Q-Save: Towards Scoring and Attribution for Generated Video Evaluation
Xiele Wu, Zicheng Zhang, Mingtao Chen, Yixian Liu, Yiming Liu, Shushi Wang, Zhichao Hu, Yuhong Liu, Guangtao Zhai, Xiaohong Liu
TL;DR
Q-Save addresses the need for unified, explainable evaluation of AI-generated videos by introducing a large-scale dataset (~10k videos) with MOS and fine-grained attributions across visual quality, dynamic quality, and text-video alignment, and by proposing a single model that jointly scores and explains across these dimensions. The framework combines SlowFast-based video processing, Chain-of-Thought prompts, and a three-stage training pipeline (SFT → GRPO → SFT) with a dual-supervision loss to achieve state-of-the-art instance- and model-level correlations ($SRCC$, $PLCC$) while delivering human-aligned justifications.

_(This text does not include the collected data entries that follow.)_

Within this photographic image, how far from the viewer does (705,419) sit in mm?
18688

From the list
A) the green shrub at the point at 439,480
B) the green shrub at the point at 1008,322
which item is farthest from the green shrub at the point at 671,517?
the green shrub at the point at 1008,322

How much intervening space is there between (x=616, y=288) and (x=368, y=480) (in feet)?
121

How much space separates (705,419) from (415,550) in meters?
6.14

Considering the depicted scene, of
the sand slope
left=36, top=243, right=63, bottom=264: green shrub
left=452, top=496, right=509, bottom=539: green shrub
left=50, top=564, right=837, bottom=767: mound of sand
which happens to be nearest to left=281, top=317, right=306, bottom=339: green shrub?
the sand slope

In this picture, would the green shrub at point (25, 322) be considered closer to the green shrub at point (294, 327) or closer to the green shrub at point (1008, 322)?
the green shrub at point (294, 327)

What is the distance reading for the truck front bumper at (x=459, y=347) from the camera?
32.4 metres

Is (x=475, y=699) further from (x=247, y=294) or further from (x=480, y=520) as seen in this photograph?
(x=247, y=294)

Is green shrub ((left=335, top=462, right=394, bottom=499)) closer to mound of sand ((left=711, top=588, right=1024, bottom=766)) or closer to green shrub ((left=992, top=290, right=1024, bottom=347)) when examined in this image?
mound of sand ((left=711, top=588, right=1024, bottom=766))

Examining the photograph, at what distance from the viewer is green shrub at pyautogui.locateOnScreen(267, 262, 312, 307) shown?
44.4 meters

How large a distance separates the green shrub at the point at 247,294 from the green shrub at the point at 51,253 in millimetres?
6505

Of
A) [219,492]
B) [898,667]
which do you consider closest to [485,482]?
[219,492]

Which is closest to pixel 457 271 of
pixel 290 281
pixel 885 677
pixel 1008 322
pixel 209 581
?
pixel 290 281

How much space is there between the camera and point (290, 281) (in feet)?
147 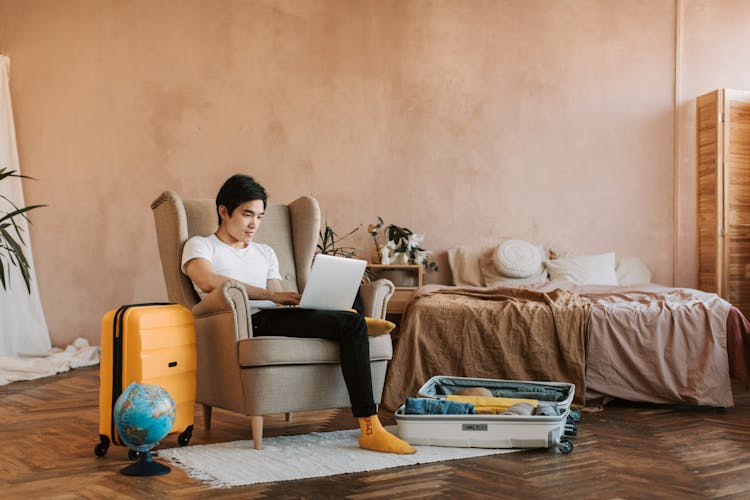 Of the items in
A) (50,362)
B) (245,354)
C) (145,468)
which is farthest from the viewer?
(50,362)

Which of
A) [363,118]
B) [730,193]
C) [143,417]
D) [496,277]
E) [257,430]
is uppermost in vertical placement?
[363,118]

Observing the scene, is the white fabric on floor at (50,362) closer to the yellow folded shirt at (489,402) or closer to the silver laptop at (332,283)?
the silver laptop at (332,283)

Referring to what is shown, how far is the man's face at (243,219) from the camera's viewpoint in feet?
10.5

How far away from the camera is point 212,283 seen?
9.97 ft

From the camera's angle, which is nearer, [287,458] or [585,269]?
[287,458]

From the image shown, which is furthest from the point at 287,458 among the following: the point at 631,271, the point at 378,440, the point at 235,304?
the point at 631,271

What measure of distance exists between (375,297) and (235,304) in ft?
2.27

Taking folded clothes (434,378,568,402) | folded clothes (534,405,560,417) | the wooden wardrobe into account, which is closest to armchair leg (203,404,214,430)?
folded clothes (434,378,568,402)

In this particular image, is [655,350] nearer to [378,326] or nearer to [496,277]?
[378,326]

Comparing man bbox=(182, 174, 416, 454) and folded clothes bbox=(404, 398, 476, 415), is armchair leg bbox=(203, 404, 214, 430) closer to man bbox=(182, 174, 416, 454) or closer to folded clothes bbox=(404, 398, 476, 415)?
man bbox=(182, 174, 416, 454)

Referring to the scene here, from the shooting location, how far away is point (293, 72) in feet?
19.3

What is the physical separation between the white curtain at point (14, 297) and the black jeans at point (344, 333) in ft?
10.2

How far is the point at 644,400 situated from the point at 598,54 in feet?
10.9

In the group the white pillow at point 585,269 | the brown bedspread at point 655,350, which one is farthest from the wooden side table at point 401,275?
the brown bedspread at point 655,350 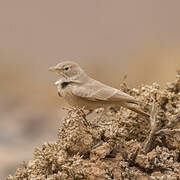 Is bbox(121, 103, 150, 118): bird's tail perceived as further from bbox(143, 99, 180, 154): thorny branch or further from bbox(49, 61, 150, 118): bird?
bbox(143, 99, 180, 154): thorny branch

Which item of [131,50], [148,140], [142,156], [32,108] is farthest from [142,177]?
[131,50]

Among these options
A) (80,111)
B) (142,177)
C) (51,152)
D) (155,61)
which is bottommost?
(142,177)

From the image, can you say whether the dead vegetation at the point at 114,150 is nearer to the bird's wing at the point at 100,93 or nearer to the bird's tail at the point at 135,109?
the bird's tail at the point at 135,109

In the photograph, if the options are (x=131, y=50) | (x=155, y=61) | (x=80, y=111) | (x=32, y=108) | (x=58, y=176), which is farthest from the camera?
(x=131, y=50)

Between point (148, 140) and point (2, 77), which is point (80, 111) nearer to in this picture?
point (148, 140)

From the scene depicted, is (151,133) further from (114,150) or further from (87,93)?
(87,93)

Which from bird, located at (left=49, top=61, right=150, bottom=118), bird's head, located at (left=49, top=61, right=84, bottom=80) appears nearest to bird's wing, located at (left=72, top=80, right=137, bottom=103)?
bird, located at (left=49, top=61, right=150, bottom=118)

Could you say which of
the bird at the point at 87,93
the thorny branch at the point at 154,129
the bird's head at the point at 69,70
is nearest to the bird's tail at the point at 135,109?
the bird at the point at 87,93

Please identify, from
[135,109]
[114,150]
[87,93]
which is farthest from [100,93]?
[114,150]

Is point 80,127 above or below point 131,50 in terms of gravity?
below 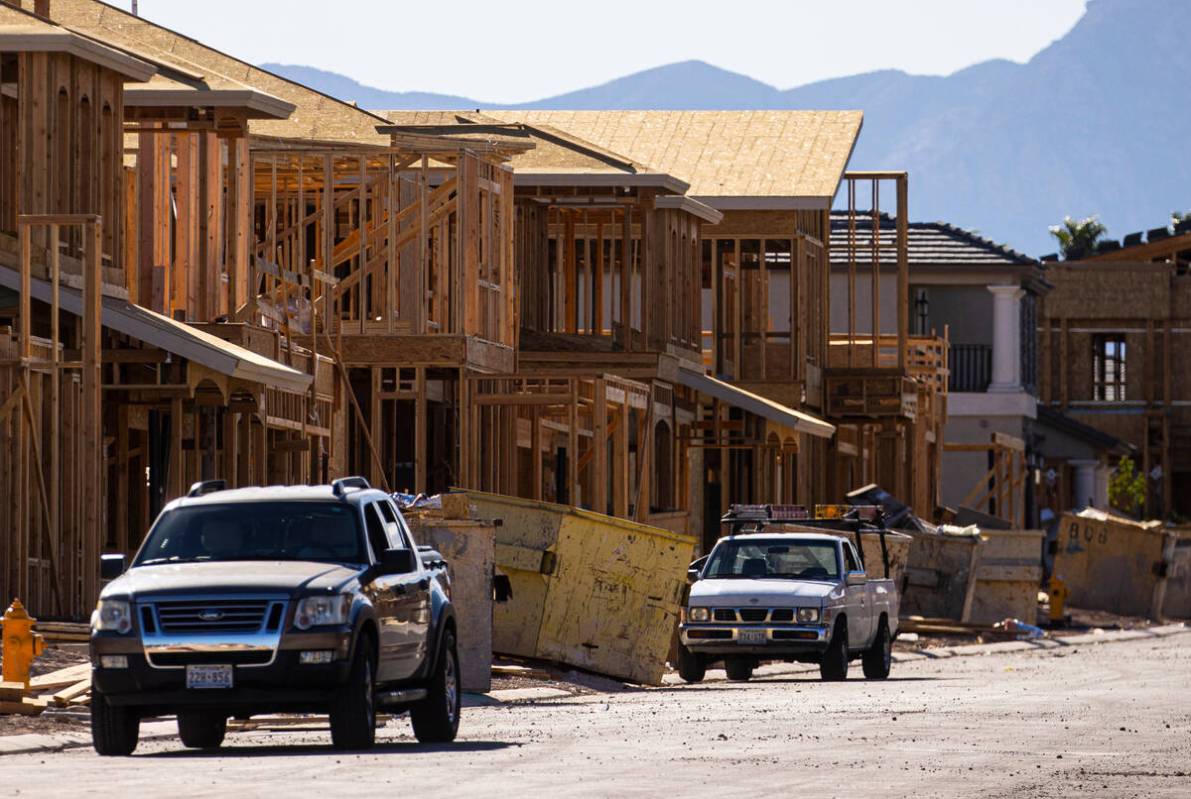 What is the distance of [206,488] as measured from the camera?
718 inches

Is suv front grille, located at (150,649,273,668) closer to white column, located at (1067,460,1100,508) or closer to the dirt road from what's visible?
the dirt road

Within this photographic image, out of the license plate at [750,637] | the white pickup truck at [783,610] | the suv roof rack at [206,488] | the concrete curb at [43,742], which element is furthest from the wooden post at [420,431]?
the suv roof rack at [206,488]

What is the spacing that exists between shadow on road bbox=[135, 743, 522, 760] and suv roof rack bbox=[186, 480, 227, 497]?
170 centimetres

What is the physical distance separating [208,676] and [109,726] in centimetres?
84

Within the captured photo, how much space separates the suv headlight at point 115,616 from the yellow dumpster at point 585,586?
918 cm

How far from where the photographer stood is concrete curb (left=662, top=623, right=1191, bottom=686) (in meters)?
32.2

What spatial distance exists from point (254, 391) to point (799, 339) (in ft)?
64.6

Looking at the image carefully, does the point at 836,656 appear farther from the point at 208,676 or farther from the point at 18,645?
the point at 208,676

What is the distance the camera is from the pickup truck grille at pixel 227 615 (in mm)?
16422

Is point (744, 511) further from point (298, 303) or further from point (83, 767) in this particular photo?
point (83, 767)

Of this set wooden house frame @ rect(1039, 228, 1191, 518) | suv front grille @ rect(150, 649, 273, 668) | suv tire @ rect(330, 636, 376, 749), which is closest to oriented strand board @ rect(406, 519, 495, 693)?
suv tire @ rect(330, 636, 376, 749)

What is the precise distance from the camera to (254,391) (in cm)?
2903

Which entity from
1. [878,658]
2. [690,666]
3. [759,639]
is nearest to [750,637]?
[759,639]

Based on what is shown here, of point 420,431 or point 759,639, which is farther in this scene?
point 420,431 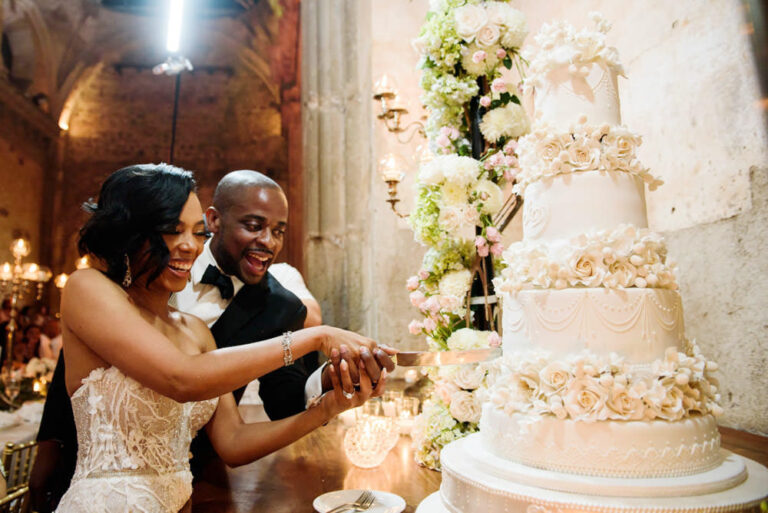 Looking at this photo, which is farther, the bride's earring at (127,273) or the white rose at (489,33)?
the white rose at (489,33)

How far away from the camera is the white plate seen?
1.85 meters

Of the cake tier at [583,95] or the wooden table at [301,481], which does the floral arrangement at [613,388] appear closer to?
the wooden table at [301,481]

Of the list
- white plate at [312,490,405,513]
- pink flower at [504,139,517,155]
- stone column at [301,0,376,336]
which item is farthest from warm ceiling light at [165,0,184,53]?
white plate at [312,490,405,513]

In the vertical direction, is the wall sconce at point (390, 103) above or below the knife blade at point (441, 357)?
above

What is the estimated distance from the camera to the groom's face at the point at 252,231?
106 inches

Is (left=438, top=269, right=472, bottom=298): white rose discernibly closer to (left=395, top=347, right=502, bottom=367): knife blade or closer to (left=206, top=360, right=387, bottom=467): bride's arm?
(left=395, top=347, right=502, bottom=367): knife blade

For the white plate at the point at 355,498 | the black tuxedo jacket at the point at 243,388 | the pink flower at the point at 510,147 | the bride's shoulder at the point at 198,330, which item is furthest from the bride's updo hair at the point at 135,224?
the pink flower at the point at 510,147

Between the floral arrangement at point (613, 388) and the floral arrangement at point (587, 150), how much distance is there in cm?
61

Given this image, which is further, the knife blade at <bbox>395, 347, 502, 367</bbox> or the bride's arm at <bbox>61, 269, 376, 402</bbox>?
the knife blade at <bbox>395, 347, 502, 367</bbox>

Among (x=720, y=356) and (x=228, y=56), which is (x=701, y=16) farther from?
(x=228, y=56)

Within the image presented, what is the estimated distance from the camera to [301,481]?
242 centimetres

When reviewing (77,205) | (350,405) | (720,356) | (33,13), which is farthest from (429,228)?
(77,205)

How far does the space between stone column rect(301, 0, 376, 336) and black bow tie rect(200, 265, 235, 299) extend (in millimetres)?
2228

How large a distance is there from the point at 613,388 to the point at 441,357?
24.9 inches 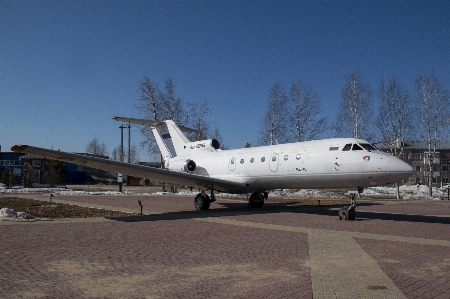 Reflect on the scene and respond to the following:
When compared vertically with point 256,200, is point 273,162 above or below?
above

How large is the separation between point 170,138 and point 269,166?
29.5ft

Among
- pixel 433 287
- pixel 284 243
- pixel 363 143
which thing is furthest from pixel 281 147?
pixel 433 287

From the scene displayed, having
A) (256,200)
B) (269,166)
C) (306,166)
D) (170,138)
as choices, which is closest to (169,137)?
(170,138)

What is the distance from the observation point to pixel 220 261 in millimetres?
7832

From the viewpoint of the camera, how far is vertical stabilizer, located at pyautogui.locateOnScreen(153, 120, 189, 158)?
2517cm

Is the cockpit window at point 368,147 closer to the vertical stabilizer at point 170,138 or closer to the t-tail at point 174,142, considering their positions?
the t-tail at point 174,142

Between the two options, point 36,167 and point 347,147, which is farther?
point 36,167

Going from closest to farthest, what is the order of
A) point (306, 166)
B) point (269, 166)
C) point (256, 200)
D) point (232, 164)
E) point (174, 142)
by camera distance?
point (306, 166), point (269, 166), point (232, 164), point (256, 200), point (174, 142)

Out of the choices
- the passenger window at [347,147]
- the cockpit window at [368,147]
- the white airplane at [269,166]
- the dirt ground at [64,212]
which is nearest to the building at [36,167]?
the dirt ground at [64,212]

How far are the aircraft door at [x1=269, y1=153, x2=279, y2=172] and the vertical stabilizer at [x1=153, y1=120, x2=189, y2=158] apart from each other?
26.6 feet

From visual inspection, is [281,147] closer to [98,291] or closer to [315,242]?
[315,242]

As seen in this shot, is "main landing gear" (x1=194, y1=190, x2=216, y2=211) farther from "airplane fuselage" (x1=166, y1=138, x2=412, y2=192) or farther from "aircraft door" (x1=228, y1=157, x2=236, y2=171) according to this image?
"aircraft door" (x1=228, y1=157, x2=236, y2=171)

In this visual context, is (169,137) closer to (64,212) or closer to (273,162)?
(64,212)

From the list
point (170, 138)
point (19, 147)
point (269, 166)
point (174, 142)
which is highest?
point (170, 138) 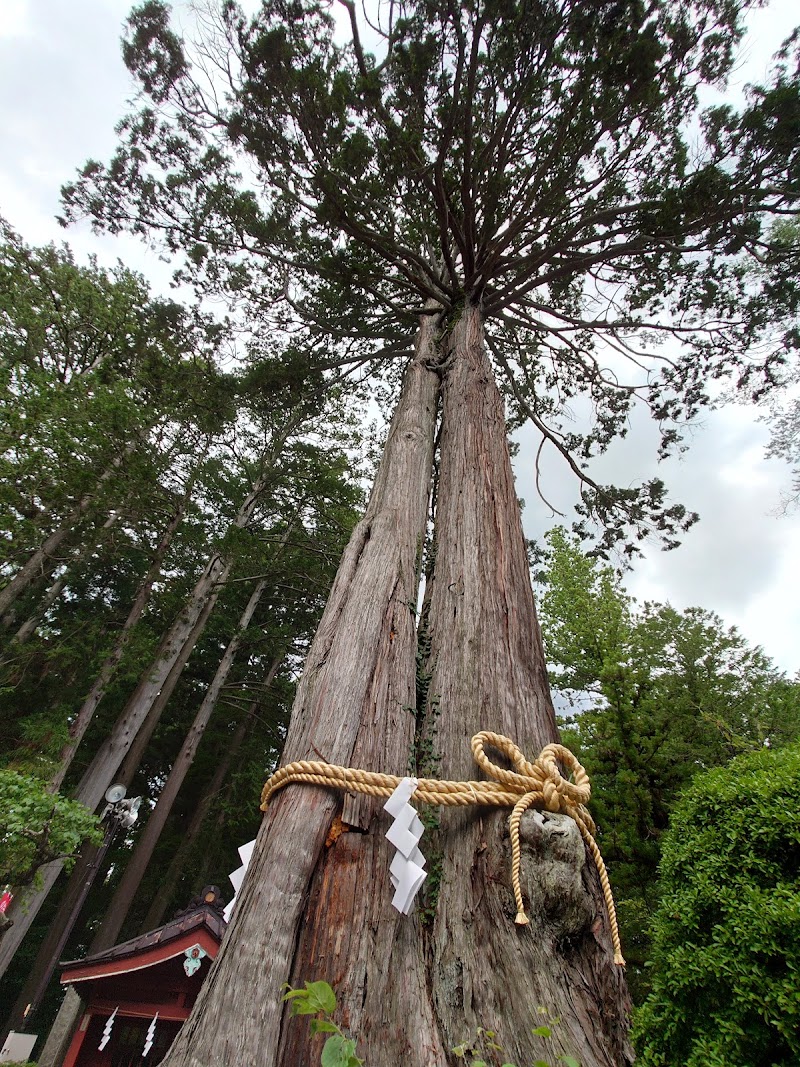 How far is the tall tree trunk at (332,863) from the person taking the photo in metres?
1.09

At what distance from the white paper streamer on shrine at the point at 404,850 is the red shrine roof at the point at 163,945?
18.1ft

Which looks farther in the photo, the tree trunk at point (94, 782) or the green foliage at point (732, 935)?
the tree trunk at point (94, 782)

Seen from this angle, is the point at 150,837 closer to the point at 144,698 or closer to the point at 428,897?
the point at 144,698

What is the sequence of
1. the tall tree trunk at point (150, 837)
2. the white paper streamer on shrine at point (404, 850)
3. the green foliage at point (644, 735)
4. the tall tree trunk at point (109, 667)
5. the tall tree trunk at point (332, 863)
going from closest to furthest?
the tall tree trunk at point (332, 863)
the white paper streamer on shrine at point (404, 850)
the green foliage at point (644, 735)
the tall tree trunk at point (109, 667)
the tall tree trunk at point (150, 837)

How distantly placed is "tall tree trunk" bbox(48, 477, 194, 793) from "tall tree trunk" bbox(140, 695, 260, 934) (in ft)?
9.48

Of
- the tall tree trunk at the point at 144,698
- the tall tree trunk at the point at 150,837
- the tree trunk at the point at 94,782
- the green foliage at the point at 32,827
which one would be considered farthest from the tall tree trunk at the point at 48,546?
the tall tree trunk at the point at 150,837

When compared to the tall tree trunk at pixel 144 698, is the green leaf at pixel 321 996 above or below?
below

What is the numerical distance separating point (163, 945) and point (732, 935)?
658 cm

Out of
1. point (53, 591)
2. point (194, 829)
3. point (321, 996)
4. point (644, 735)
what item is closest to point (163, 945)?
point (644, 735)

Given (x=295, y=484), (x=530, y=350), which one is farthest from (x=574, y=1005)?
(x=295, y=484)

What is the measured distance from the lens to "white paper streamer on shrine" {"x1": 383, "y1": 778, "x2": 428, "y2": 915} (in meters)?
1.32

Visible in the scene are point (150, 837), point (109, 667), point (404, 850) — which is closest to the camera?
point (404, 850)

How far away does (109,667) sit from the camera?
8250mm

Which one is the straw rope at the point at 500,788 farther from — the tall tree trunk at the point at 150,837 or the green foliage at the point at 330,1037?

Cross-dataset validation demonstrates strong generalization to out-of-domain benchmarks, underscoring the practical utility of unified, interpretable video evaluation. The work lays a foundation for explainable multimodal video evaluation and provides a pathway for community adoption through dataset and code release. Overall, Q-Save advances trustworthy AI in generative video by enabling precise quality assessment and transparent, rationale-based explanations.
Abstract
We present Q-Save, a new benchmark dataset and model for holistic and explainable evaluation of AI-generated video (AIGV) quality. The dataset contains near 10000 videos, each annotated with a scalar mean opinion score (MOS) and fine-grained attribution labels along three core dimensions: visual quality, dynamic quality, and text-video alignment. These multi-aspect annotations enable both accurate quality assessment and interpretable reasoning behind the scores. To leverage this data, we propose a unified evaluation model that jointly performs quality scoring and attribution-based explanation. The model adopts the SlowFast framework to distinguish between fast frames and slow frames - slow frames are processed with high resolution while fast frames use low resolution, balancing evaluation accuracy and computational efficiency. For training, we use data formatted in Chain-of-Thought (COT) style and employ a multi-stage strategy: we first conduct Supervised Fine-Tuning (SFT), then further enhance the model with Grouped Relative Policy Optimization (GRPO), and finally perform SFT again to improve model stability. Experimental results demonstrate that our model achieves state-of-the-art performance in video quality prediction while also providing human-aligned, interpretable justifications. Our dataset and model establish a strong foundation for explainable evaluation in generative video research, contributing to the development of multimodal generation and trustworthy AI. Code and dataset will be released upon publication.